Senate budget writers say their plan, rolled out Sunday night, doesn't make many big spending changes - with one very large exception.
The single largest increase by far in the Senate budget plan is an additional $584 million dollars plowed into Medicaid in the upcoming year. Next year, the increase will be $796 million.
Senate leaders say that has to change.
"That’s the message coming out of this budget," Sen. Ralph Hise, R-Mitchell, told the Senate Budget Health subcommittee at Monday's meeting on Senate Bill 402.
“Medicaid is driving everything in this state budget. These funds coming out are controlling what we do in education, what we do in transportation and highways," he said.
Republican leaders are hoping Governor Pat McCrory's bid to privatize Medicaid will lead to better cost control down the road. But that will take time: reforms on that scale have to be approved by the federal program through state waivers and plan amendments.

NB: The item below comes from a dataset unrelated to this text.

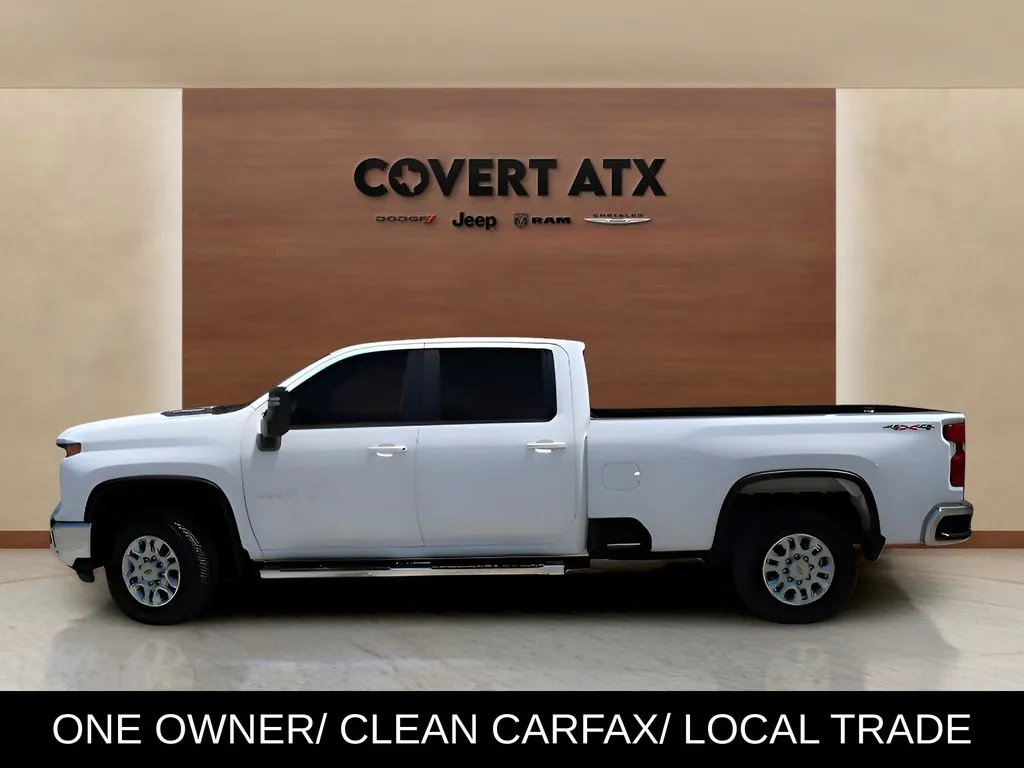 Chevrolet Silverado photo 2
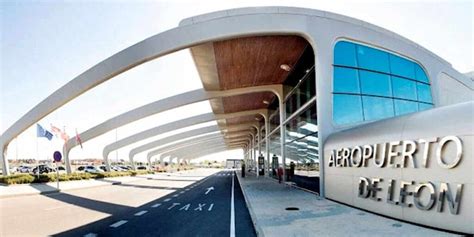 Fotografía aérea de la Base Aérea de León y el Aeropuerto de León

In the meantime, Hise says budget writers are doing what they can to control costs in the entitlement program.
One proposal in the Senate plan would move many pregnant women off Medicaid and into the private insurance market.
In the not-so-distant past, North Carolina had one of the nation's worst infant mortality rates. State leaders decided to offer Medicaid coverage to more pregnant women - up to 185% percent of federal poverty level - in hopes of reducing that rate.
While the strategy seems to have worked, Hise says the advent of federal health insurance exchanges under the Affordable Care Act could save the state $20 million in the next year alone.
Pregnant women between 185% and 133% of federal poverty level (the federal cut-off for eligibility) would have to buy private insurance through the exchange. The state would pay their premiums during their pregnancies. Afterward, the women would have the option of continuing the coverage on their own.
Because plan premiums in the exchanges are controlled for income, Hise says, they probably wouldn't be much more than $25 a month. But the women would almost certainly have to pay co-pays, deductibles, and other out-of-pocket expenses they wouldn't have to pay under Medicaid.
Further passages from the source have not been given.